In the two-volatility model, these two assets are perfectly correlated. They have the same initial price and drift parameters but different diffusion coefficients. The payoff is typically determined by a geometric Brownian motion with a volatility equal to the Black-Scholes implied volatility at the strike price. The barrier trigger is determined by the second asset whose diffusion term is equal to the implied volatility at the barrier. Note, that this model is internally inconsistent for pricing barrier options and has to be regarded as a pure tweak to incorporate the volatility smile in some ad-hoc way. If the volatility smile is negatively sloped, as it is typical for equity index options, then the volatility for a downside barrier is higher than the strike volatility.
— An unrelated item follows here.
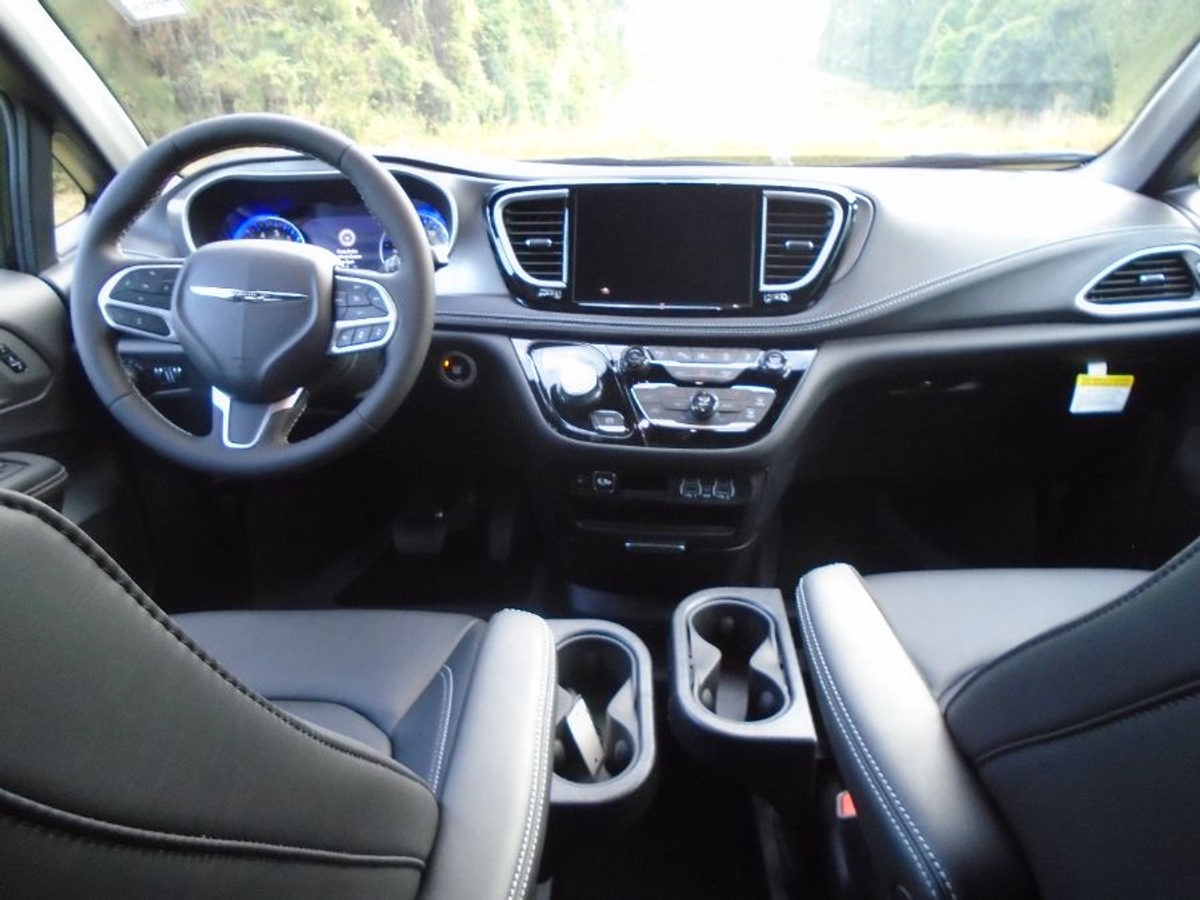 2025 CHRYSLER PACIFICA - Image 2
The perfect correlation implies that the barrier asset is strictly below the strike asset when the barrier is being triggered. The model thus assigns zero probability to high payoffs close to the maximum possible intrinsic value, while these events have non-zero probability in reality. Similarly, the model assigns a positive probability to some up-and-out call payoffs that are greater than the difference between barrier and strike.

The general outside barrier pricing formula can e.g. be found in Haug’s book “The complete Guide to Option Pricing Formulas” (McGraw-Hill, 2006). The pricing formula for the down-and-out put that we obtain is the limiting case when the correlation goes to one.